Lovino lalu terdiam dan mengangguk.

Kereta itu semakin mendekat.

Antonio tersenyum pada Lovino.

"AKU MENCINTAIMU, LOVINO!"

Kemudian teriakan Antonio pun ditelan oleh raungan mesin uap kereta api.

Lovino merasakan lututnya lemas. Ia lalu ambruk.

Feliciano lalu memeluk kakaknya.

"Kecepatan cahaya terlalu cepat untuk manusia. Kecepatan suara lebih lambat, membiarkan kita berpikir sejenak, tentang apa yang telah kita lalui, apa yang telah kita lakukan, pejamkan matamu, dengarkan. Karena terkadang petunjuk datang dari ketukan yang sangat lembut."

Sebuah ironi bahwa yang mengatakan hal itu adalah seorang yang tuli.

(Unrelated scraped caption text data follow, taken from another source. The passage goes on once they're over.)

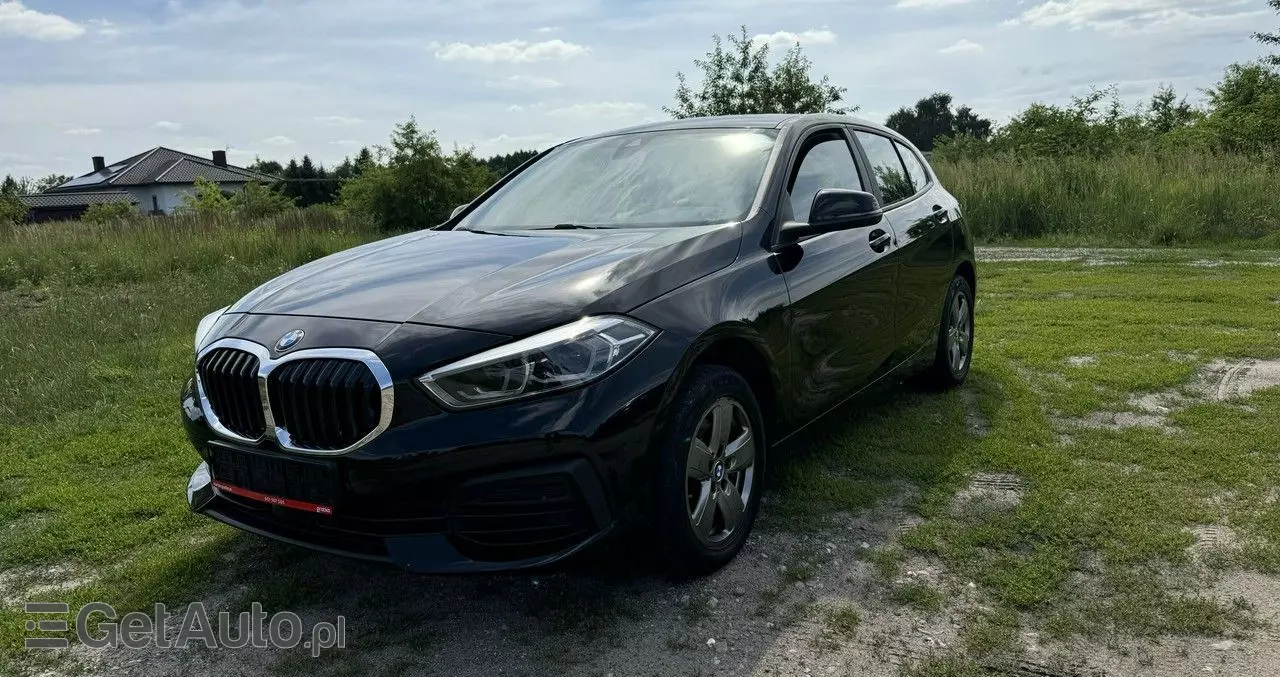 BMW Seria 1 118i Advantage
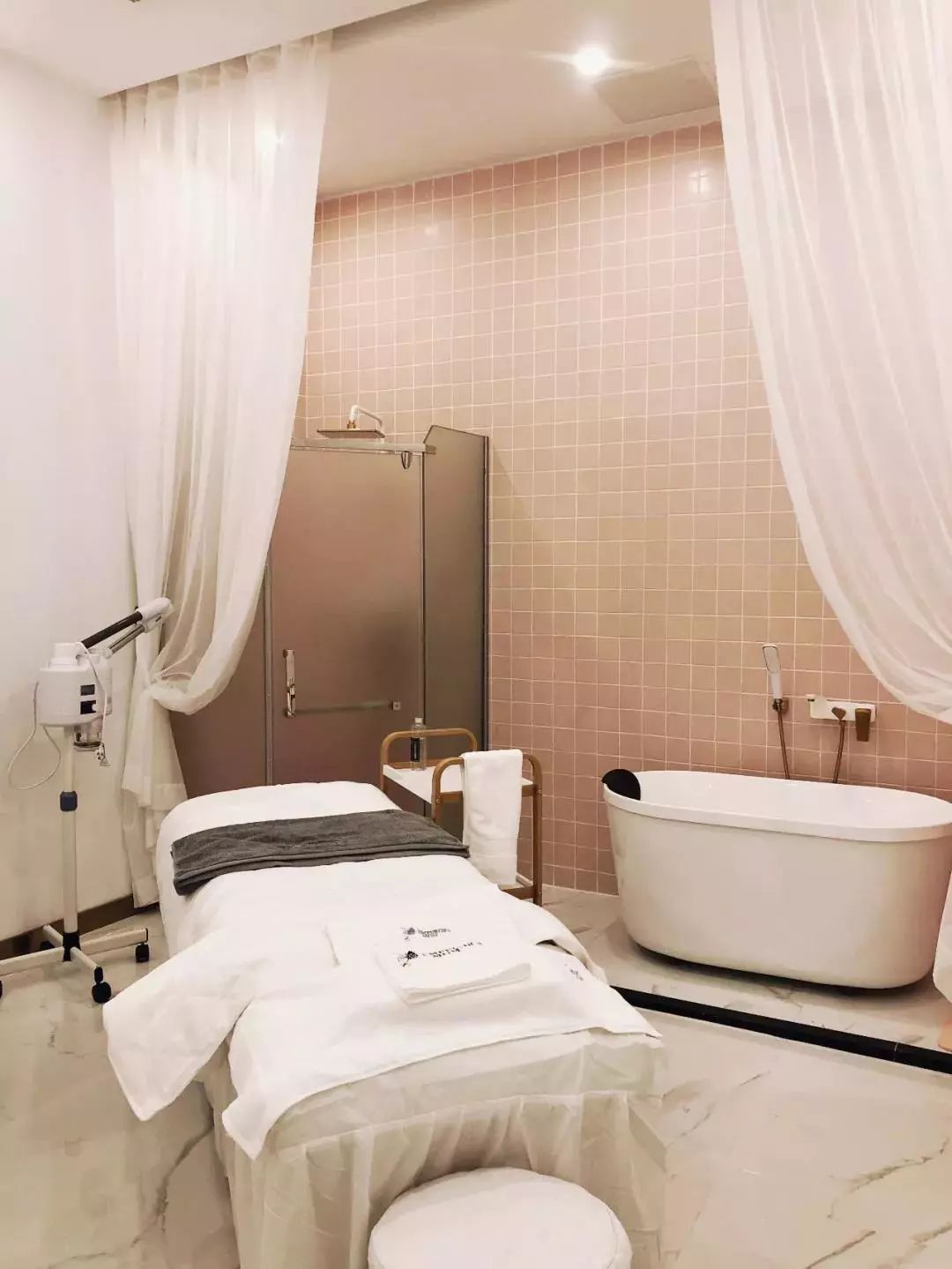 时尚化妆间_化妆室照片_时尚化妆室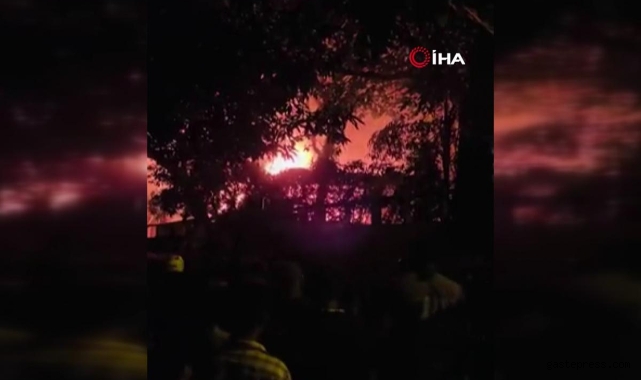 Sri Lanka'da protestocular Başbakan Wickremesinghe'nin evini ateşe verdi!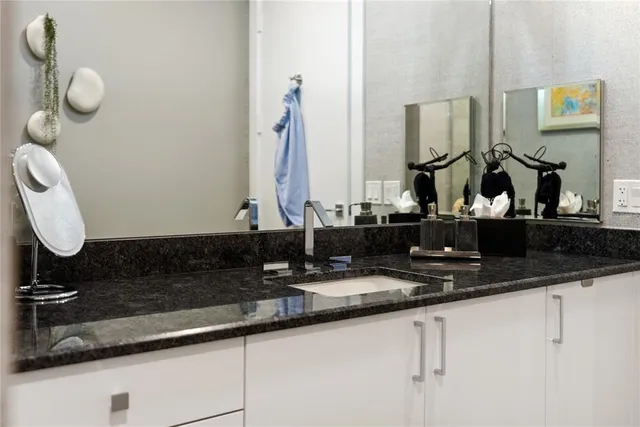 $4,390,000 | 540 North Tamiami Trail, Unit 702, Sarasota, FL 34236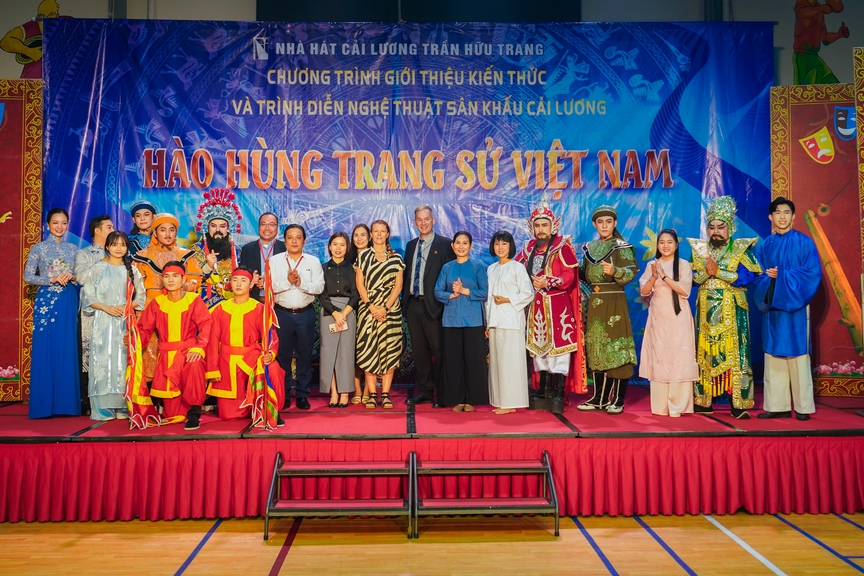 Học sinh học lịch sử và tình yêu nước qua nghệ thuật cải lương- Ảnh 1. Học sinh học lịch sử và tình yêu nước qua nghệ thuật cải lương- Ảnh 1.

Tapi Lovino tetap melakukannya. Memejamkan matanya, dan berpikir. Segala hal yang telah Ia lalui dengan Antonio, kisah cinta mereka, semuanya.

Kini Lovino mengerti.

Ia lalu membuka matanya lagi.

Segalanya terlihat jelas.

Ia lalu tersenyum penuh kebahagiaan.

"Duduklah," ajak Lovino. Ludwig dan Feliciano pun duduk.

Lovino pun tersenyum pada Ludwig dan Feliciano.

"Dengarkanlah. Bukan dengan telingamu, tapi dengan hatimu."